Quite unrelated to this, it is clear that Jo Stoyte is based on William Randolph Hearst. He has obvious parallels with Hearst – a castle-like mansion, obsessive collecting etc., although Huxley gives the Catholicism to Jo Stoyte’s mistress. In real life, it was Hearst’s wife who was Catholic and wouldn’t give him a divorce when he had taken up with his long-time mistress. As I’ve noted before on this blog (see the posting on David Nasaw’s The Chief – The Life of William Randolph Hearst), the part about the accidental killing of an innocent man instead of the mistress’s lover echoes the – probable, but never definitively substantiated – rumours that in 1924 Hearst accidentally shot and killed the film producer Thomas Ince, when he had meant to shoot Charlie Chaplin, who had been making up to Hearst’s mistress Marion Davies. This well-known rumour was the basis of Peter Bogdanovich’s 2001 film The Cat’s Meow. Outside Huxley’s novel, the other famous fictional version of Hearst is Orson Welles’ film Citizen Kane, though I do note that Huxley’s name Joseph Panton Stoyte “rhymes” better with William Randolph Heart than Charles Foster Kane does.

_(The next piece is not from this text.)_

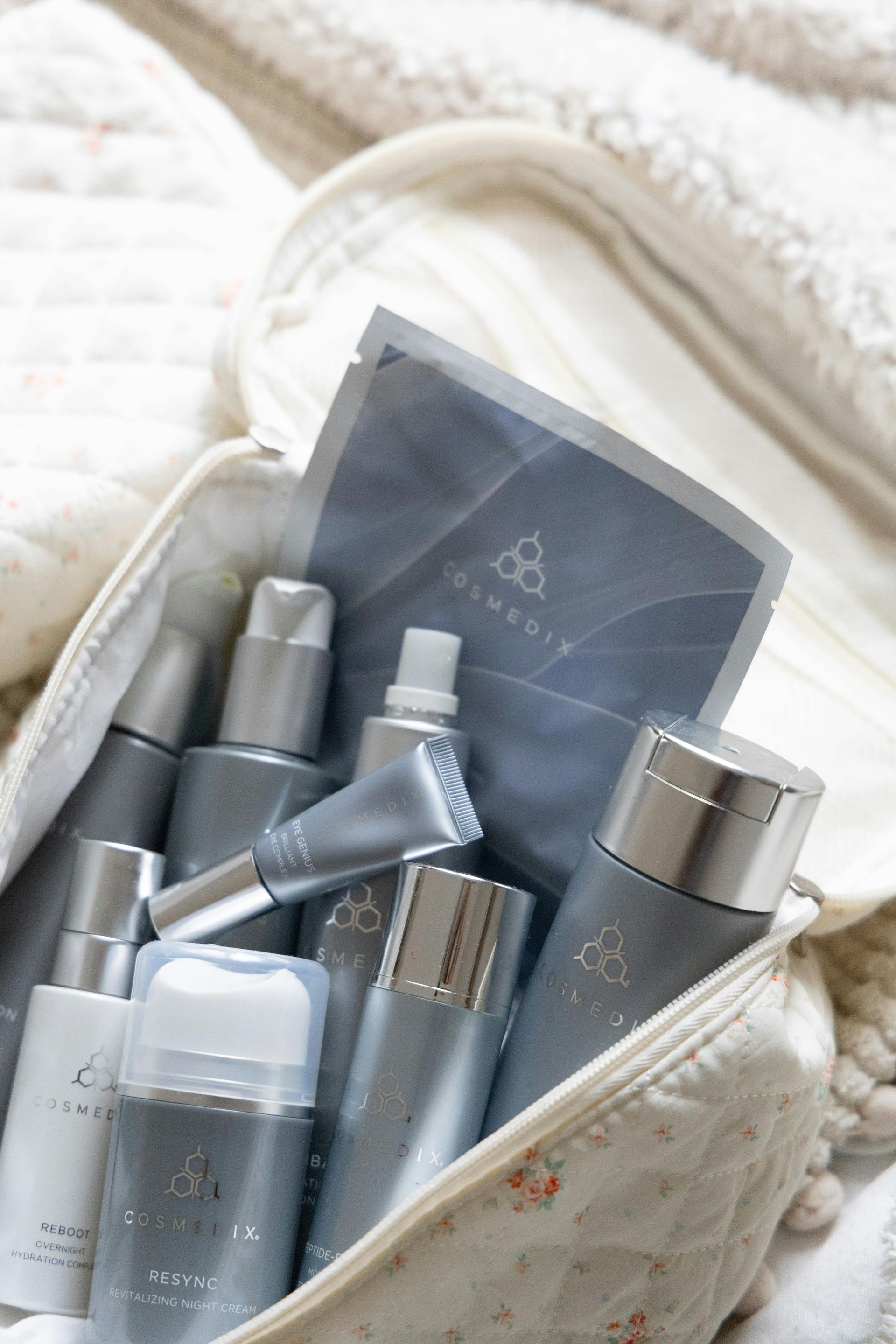 Cosmetic products in a white bag; silver bottles, grey package; soft, white background.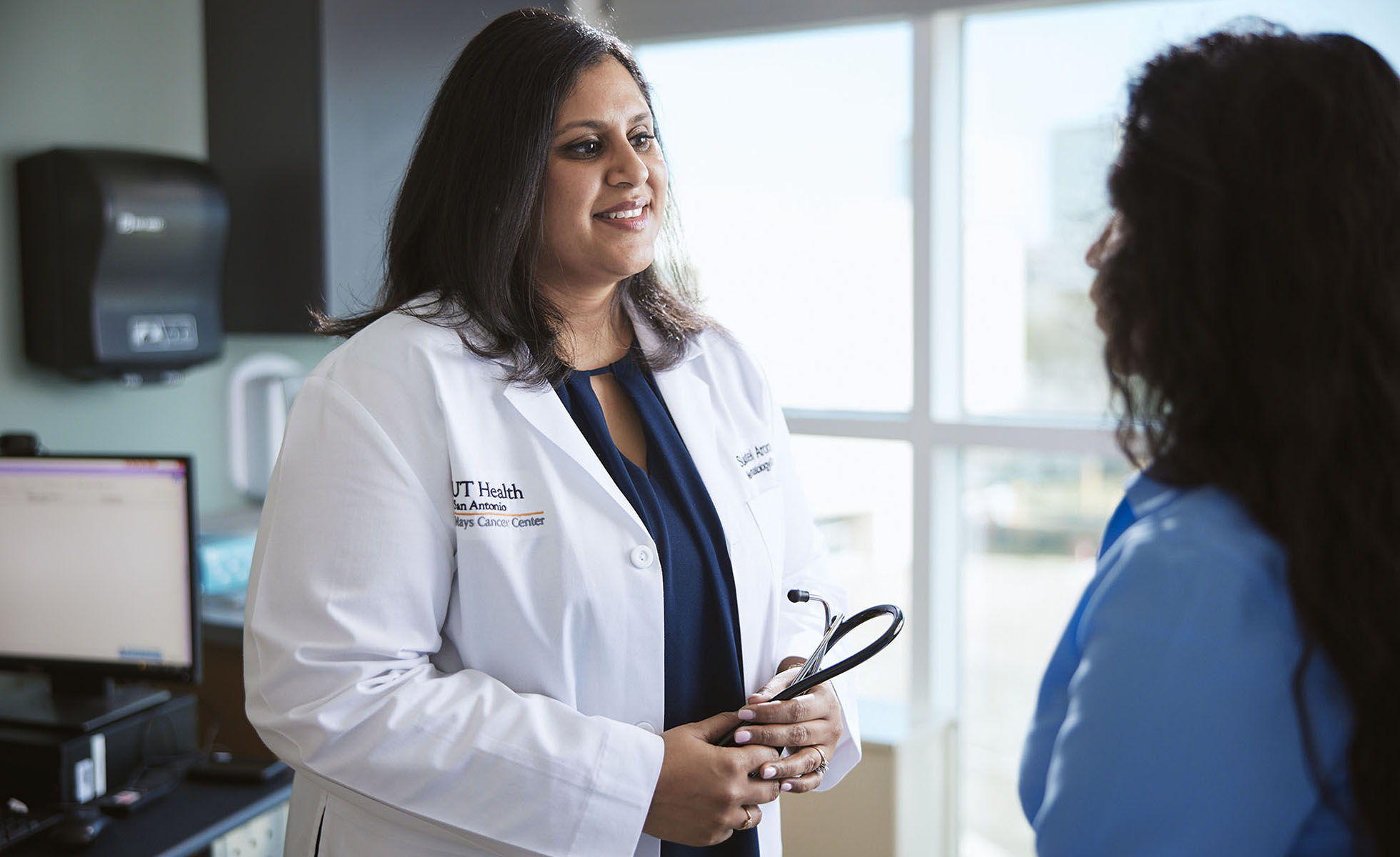 Dr. Arora talking to a patient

There are other miscellaneous things in this novel that interest me. Just as Aldous Huxley’s Antic Hay (published in 1923) anticipates Evelyn Waugh’s novels about Bright Young Things (published in the later 1920s), so does Huxley’s disabused description of a Californian theme-park cemetery anticipate by nearly a decade Evelyn Waugh’s The Loved One (1948). The two men had quite different temperaments and beliefs – but they often did choose the same targets for satire. Its also interesting that in expounding his ideas, the philosopher William Propter regards Stalin and Bolshevism as being as much of a menace as Hitler and Nazism – another nail in the coffin of the idea that nobody in the West really understood the nature of the Soviet Union in the 1930s.

Having noted all this, however, I’m also bound to note the literary shortcomings of After Many a Summer. There are the wearisome interpolated discussions and undramatised conflicts of opinions. There is the muddying of the central robust fable by too many side issues. There is the unceremonious dumping from the novel of Jeremy Pordage and William Propter after the death of Peter Boone, even though they have been built up as major characters. The novel’s thematic anchoring in the theories of Propter is as unconvincing as the world-embracing pacifism of Eyeless in Gaza. It is one thing to preach that one must step outside the fray of the ego, but this once again puts Huxley (or his most sympathetic character) in the position of looking down on humanity from a great height. When Peter Boone expresses concern about the fall of Barcelona in the Spanish Civil War, Propter insists he needn’t worry his head about it as it is like attaching oneself to another false idea driven by the ego. This is dangerously like caring for humanity in general (i.e. theoretically), while not caring for real suffering people.

After reading this novel, my mind also jangles with rude ideas about Aldous Huxley and California. The novel begins with Jeremy Pordage being driven to Jo Stoyte’s castle through a landscape of Californian billboards and hucksterism and crassness. Upon all of this, Pordage makes satirical observations, which we are clearly meant to endorse. Yet this rejection of crass materialist culture comes from a very suspect source, given that Pordage has accepted a deal to earn his living working for the crass materialist Stoyte. Likewise, Stoyte’s neighbour William Propter lives the affluent Californian life, and though he does at one point rebuke Stoyte for exploiting underpaid migrant labour, his otherworldliness never leads him to question his own affluence. Are we seeing in embryo the development of Aldous Huxley? He was happy to go to California and earn his living writing screenplays for Hollywood (which he was already doing when After Many a Summer was written). But he still took potshots at the hand that fed him. And his later development (see his lamentable final novel Island) shows that his final enlightenment basically meant passive self-absorption. Not so much a rejection of the ego as a complete sinking into it.

So much for my perceptive dyspepsia. Apart from my grumble, I do salute After Many a Summer for being readable, as Huxley always is, and it has plenty in it to amuse. Pity about its flaky philosophy.